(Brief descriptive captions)
================================
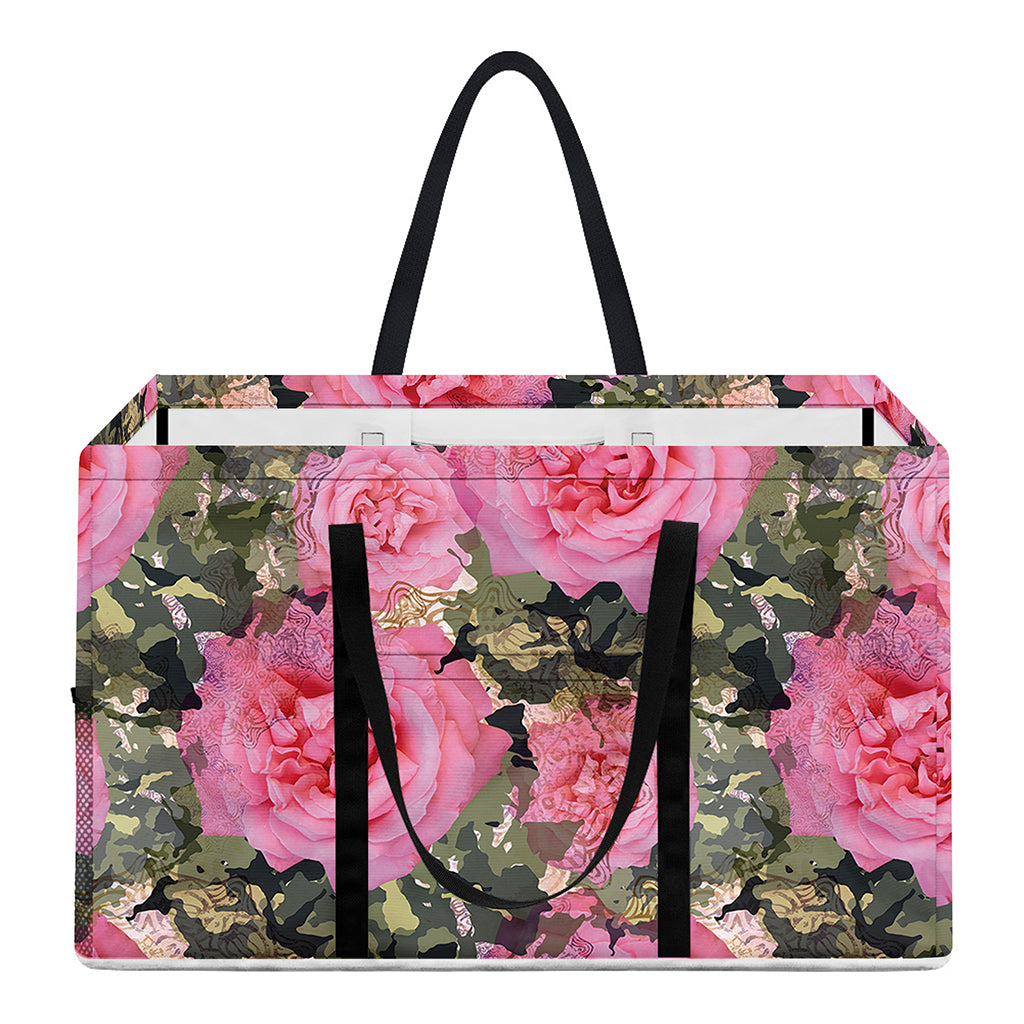 Military Camouflage Flower Pattern Print Utility Tote Bag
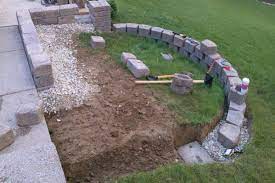 Continue setting the pavers, working toward the middle of the patio area and leaving a small gap — 1/4 inch here — between the pavers. Paver Stones On Retaining Wall Doityourself Com Community Forums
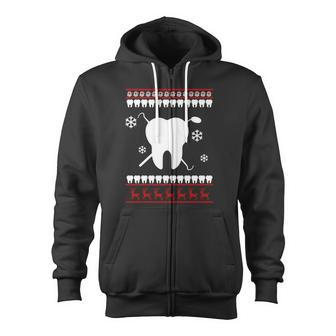 Dentist Ugly Christmas Sweater Zip Up Hoodie - Monsterry CA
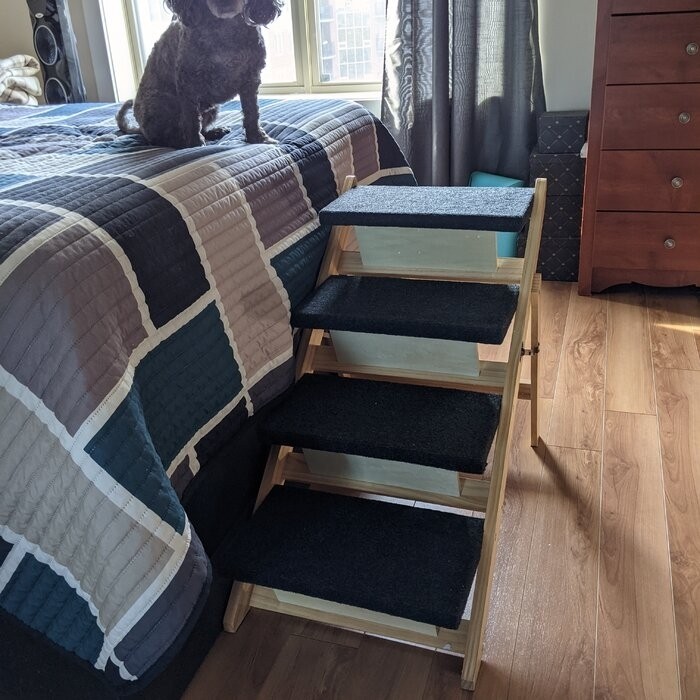 Izora 4 Step Wood Pet Stairs 2 In 1 Convertible Dog Steps and Carpeted Ramp Portable Foldable 4 Level Cat Ladder For High Bed Couch Car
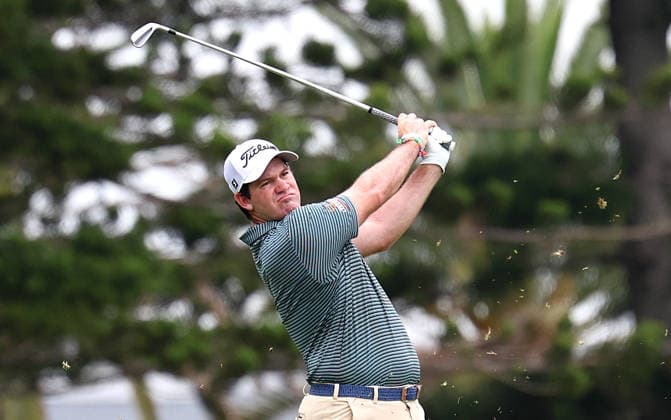 GOLF AUSTRALIAN PGA, Golf Herren Portugal s Ricardo Gouveia plays a shot on the 5th hole during Round 3 of the Australian PGA Championship at Royal Queensland Golf Club in Brisbane, Saturday, November 29, 2025. ( NO ARCHIVING, EDITORIAL USE ONLY BRISBANE QUEENSLAND AUSTRALIA  Copyright: xx 20251129165684432415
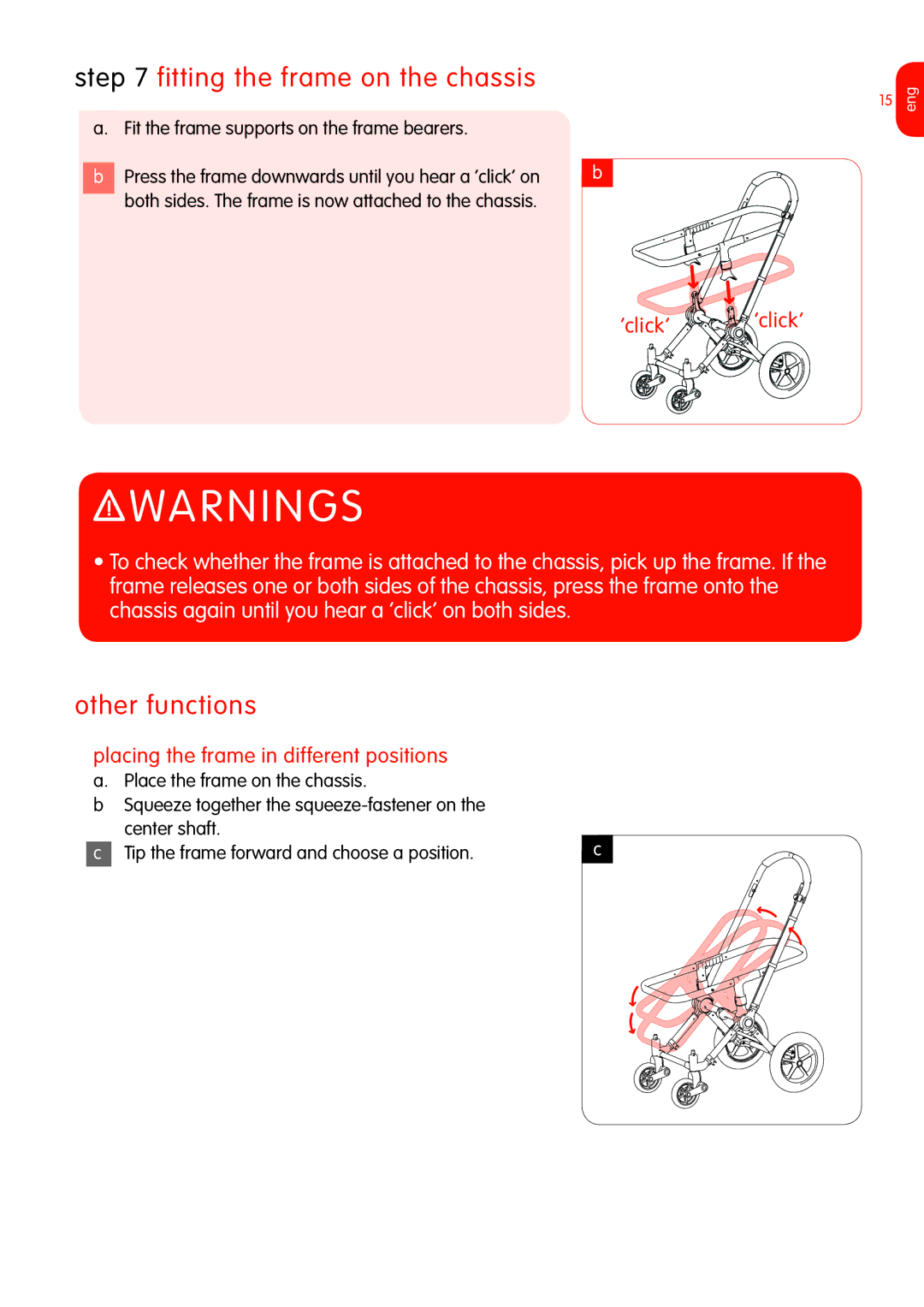 Graco Bugaboo Stroller manual ‘click’ ‘click’, Placing the frame in different positions 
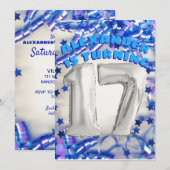 ブルーリボン & スターズ コンフェッティ 17歳の誕生日パーティー 招待状 (正面/裏面)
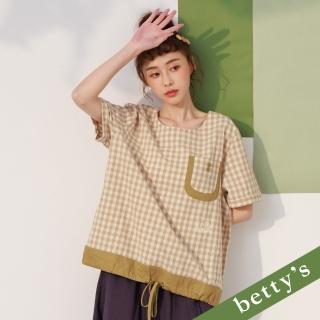 【betty’s 貝蒂思】格子布口袋拚色上衣(卡其)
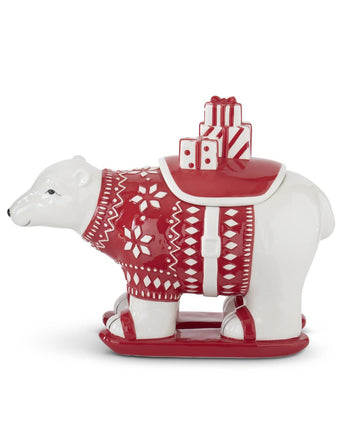 10" White & Red Ceramic Polar Bear Container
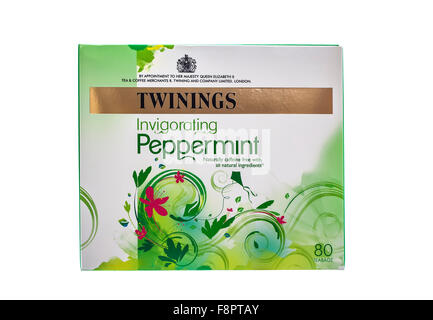 Box of Twinings Peppermint Tea Bags on a White Background Stock Photo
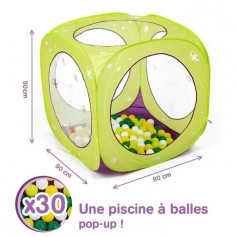 LUDI Aire de jeu cube a balles Papillons + 85 balles offertes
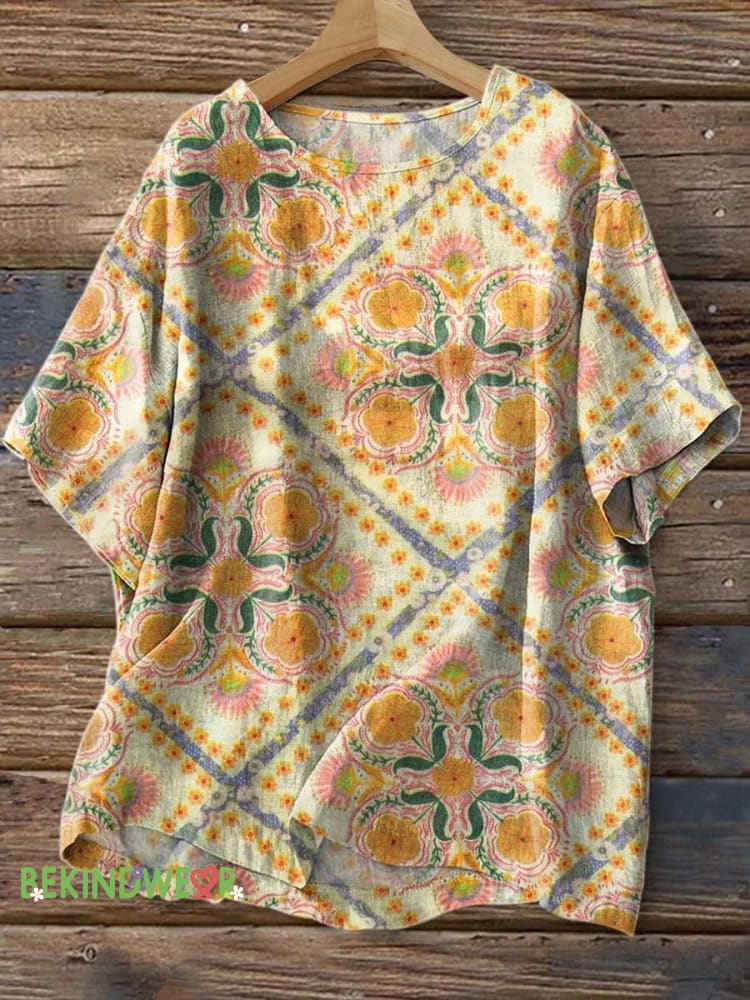 Women&rsquo;s Retro Ethnic Floral Print Casual Linen Crew Neck Shirt Multicolor / S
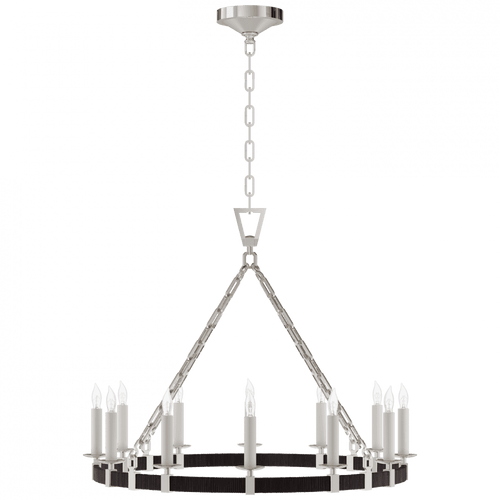 Visual Comfort & Co. Signature Collection Darlana Medium Wrapped Ring Chandelier, 12-Light, Polished Nickel, Black Rattan, 30"W (CHC 5872PN/BRT D01RV) 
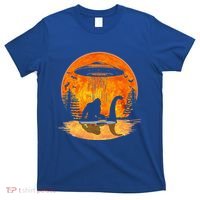 Bigfoot Riding Loch Ness Alien Ship UFO Moon Halloween T-Shirt thumb 0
================================
## DIRECTIONS FOR THIS TASK
All entries above are to be restated exactly, with every image omitted.

## WRITTEN SOLUTION
 Military Camouflage Flower Pattern Print Utility Tote Bag
 Continue setting the pavers, working toward the middle of the patio area and leaving a small gap — 1/4 inch here — between the pavers. Paver Stones On Retaining Wall Doityourself Com Community Forums
 Dentist Ugly Christmas Sweater Zip Up Hoodie - Monsterry CA
 Izora 4 Step Wood Pet Stairs 2 In 1 Convertible Dog Steps and Carpeted Ramp Portable Foldable 4 Level Cat Ladder For High Bed Couch Car
 GOLF AUSTRALIAN PGA, Golf Herren Portugal s Ricardo Gouveia plays a shot on the 5th hole during Round 3 of the Australian PGA Championship at Royal Queensland Golf Club in Brisbane, Saturday, November 29, 2025. ( NO ARCHIVING, EDITORIAL USE ONLY BRISBANE QUEENSLAND AUSTRALIA  Copyright: xx 20251129165684432415
 Graco Bugaboo Stroller manual ‘click’ ‘click’, Placing the frame in different positions 
 ブルーリボン & スターズ コンフェッティ 17歳の誕生日パーティー 招待状 (正面/裏面)
 【betty’s 貝蒂思】格子布口袋拚色上衣(卡其)
 10" White & Red Ceramic Polar Bear Container
 Box of Twinings Peppermint Tea Bags on a White Background Stock Photo
 LUDI Aire de jeu cube a balles Papillons + 85 balles offertes
 Women&rsquo;s Retro Ethnic Floral Print Casual Linen Crew Neck Shirt Multicolor / S
 Visual Comfort & Co. Signature Collection Darlana Medium Wrapped Ring Chandelier, 12-Light, Polished Nickel, Black Rattan, 30"W (CHC 5872PN/BRT D01RV) 
 Bigfoot Riding Loch Ness Alien Ship UFO Moon Halloween T-Shirt thumb 0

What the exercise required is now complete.